= Jeremiah James =

American actor

Jeremiah James is an American producer, singer, and stage actor who is best known for producing the musicals The Last Match and It Happened in Key West, as well as for his membership in the music group Teatro.

== Early life ==
James was born in Rochester, New York on April 1, 1980. He grew up in Los Angeles where he attended the Academy of Performing Arts at Alexander Hamilton High School. He is currently based out of New York.

== Career ==
One of the youngest performers ever nominated for the Los Angeles Theater Ovation Awards for Best Lead Actor in a Musical, James was nominated for his leading role in Crazy For You. Later he appeared in the Sir Cameron Mackintosh revival of Oklahoma! as Curly. Following his participation in the musical group Teatro, James appeared West End revival of Rodgers and Hammerstein's Carousel as Billy Bigelow. He went on to star as El Gallo in the long running off-Broadway musical the Fantasticks and later in the off-Broadway musical Sweetee. He continues to perform in regional theatre productions around the United States.

James was an original member of the Sony BMG group Teatro. Teatro's first album, titled "Teatro", was certified Gold in the UK. The group headlined at The 2007 Royal Variety Performance, performing for and meeting Her Majesty Queen Elizabeth II.

In 2010, James released his debut solo album titled Tupelo, named for the birthplace of Elvis Presley and consisting of covers of Presley's songs.

James conceived, produced, and wrote the book for the 2018 original West End musical It Happened in Key West, based on the true story of eccentric recluse Carl Tanzler.

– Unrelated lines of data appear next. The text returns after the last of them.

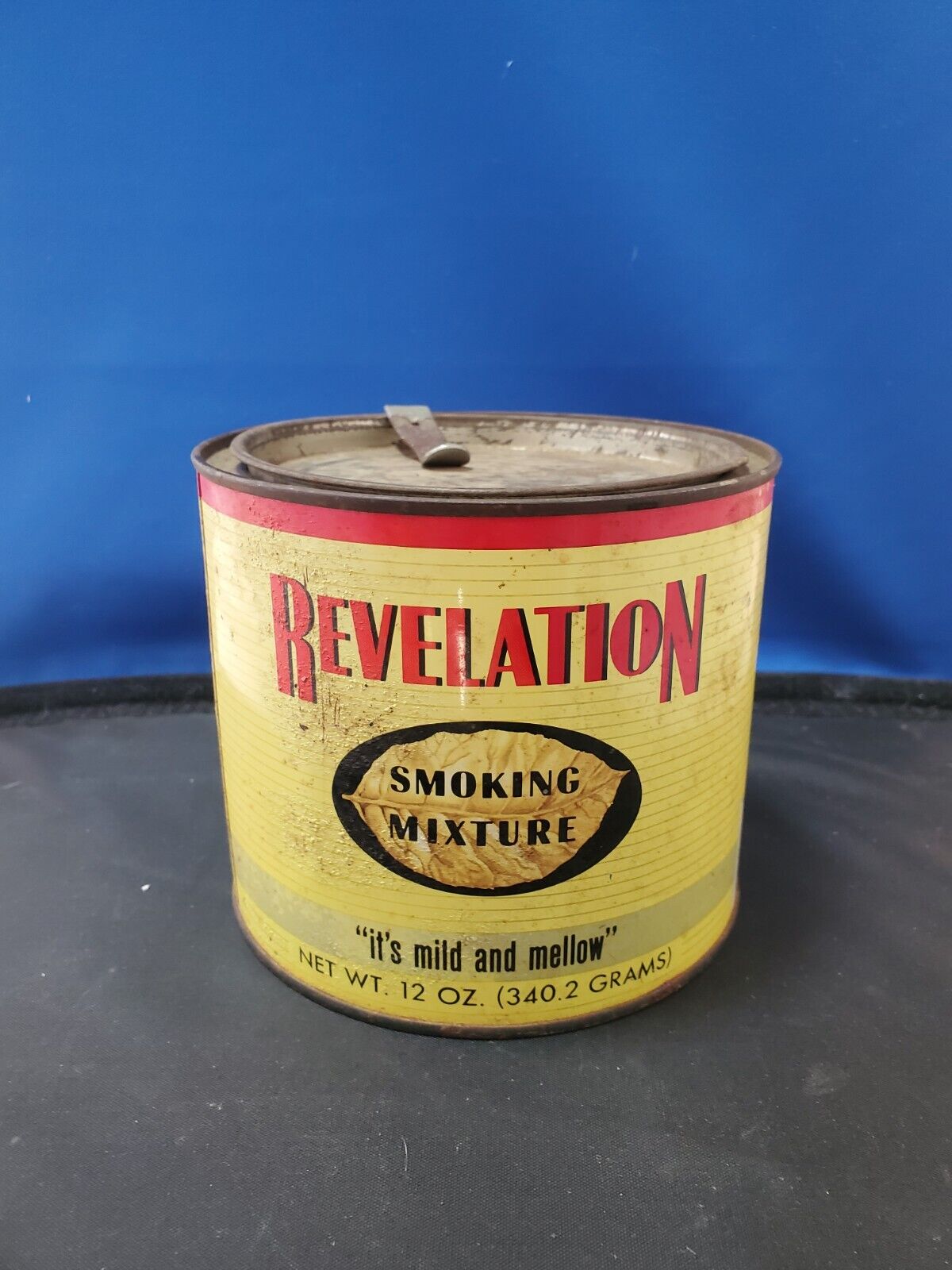 Vintage Revelation Smoking Mixture Tobacco Tin 12oz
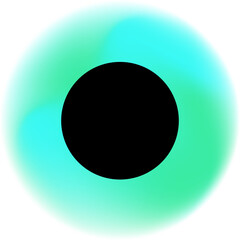 Abstract gradient blue circle shape element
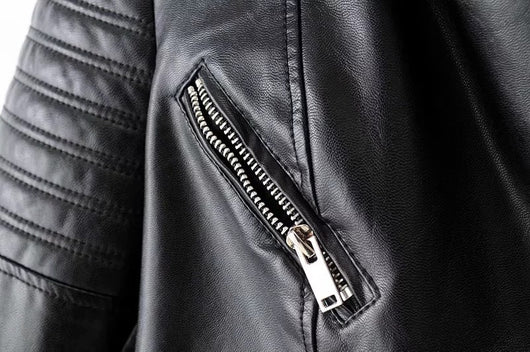 Chaqueta de Cuero para Motocicleta Mujer - Image 8
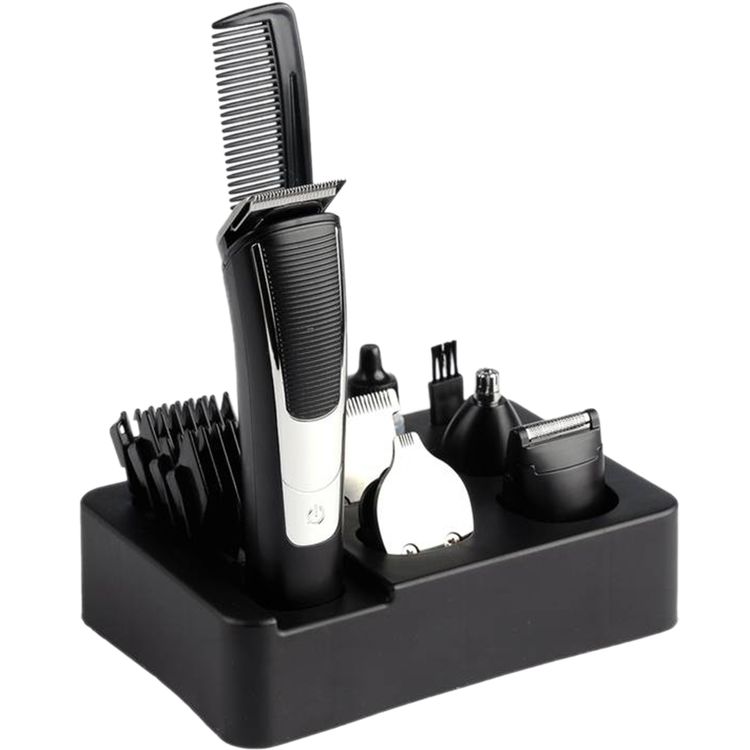 Green Lion 5-in-1 Grooming Set with 4 Combs ( 3, 6, 9 & 12 mm ), 1.5 Hours Working Time, 600 mAh Battery Capacity, LED Display - Black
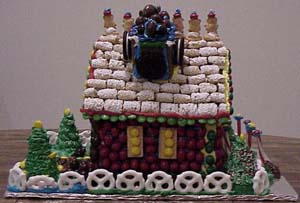 We ran out of green icing this year. Don't you love the blue effect?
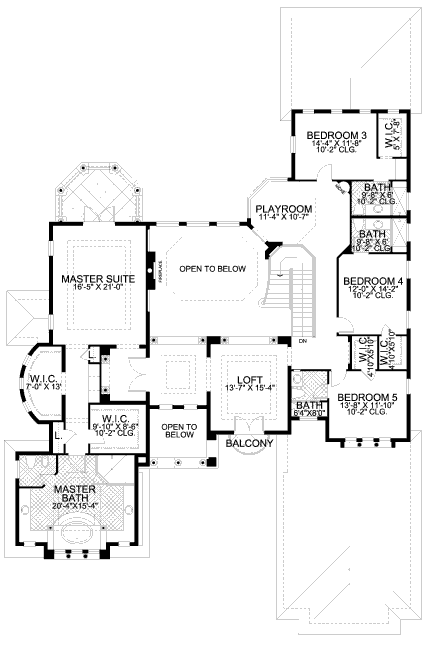 upper floor house blueprint
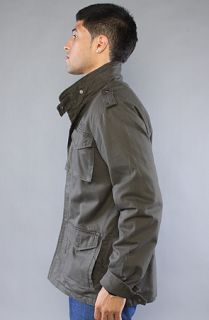 RVCA The Hammersmith Jacket in Dark Charcoal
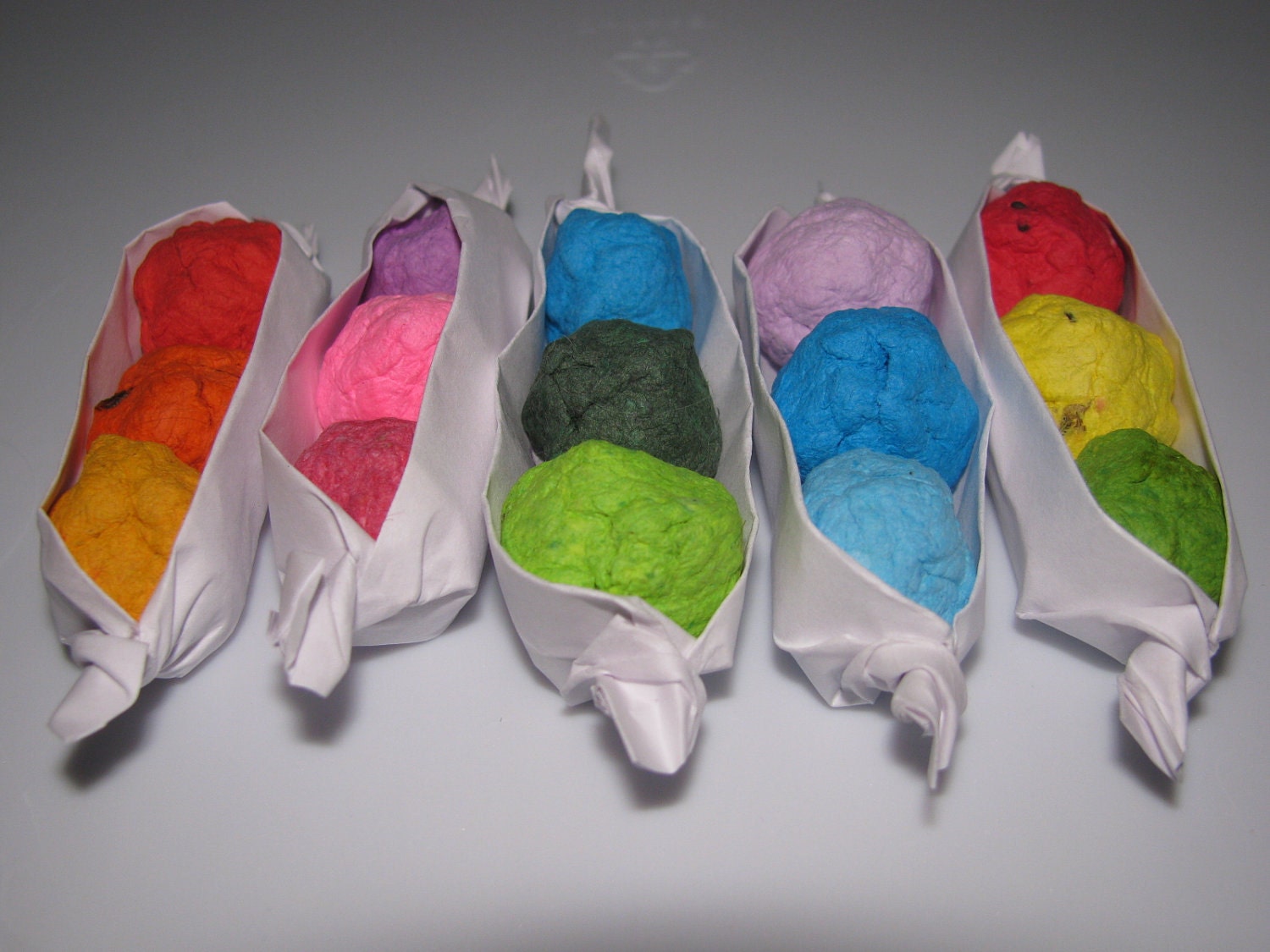 Birthday Party Favor  Rainbow Candy Themed Seed Bomb Favor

Jill Santoriello wrote the music and lyrics and co-wrote the book for the musical, with Jason Huza co-writing book and contributing additional lyrics.

Additionally, James has produced numerous theatrical productions and audiobooks.

He began hosting the podcast the University of Pleasure with sex therapist Tera Jansen on February 14, 2020. In June of 2020, Jeremiah James published his first novel, an empowerment erotica book titled Amy: Book One, and written in conjunction with co-author Autumn Karen.

In 2022, he became the standby for the roles of Nick Arnstein, Florenz Ziegfeld Jr., and Tom Keeney in the 2022 Broadway revival of Funny Girl.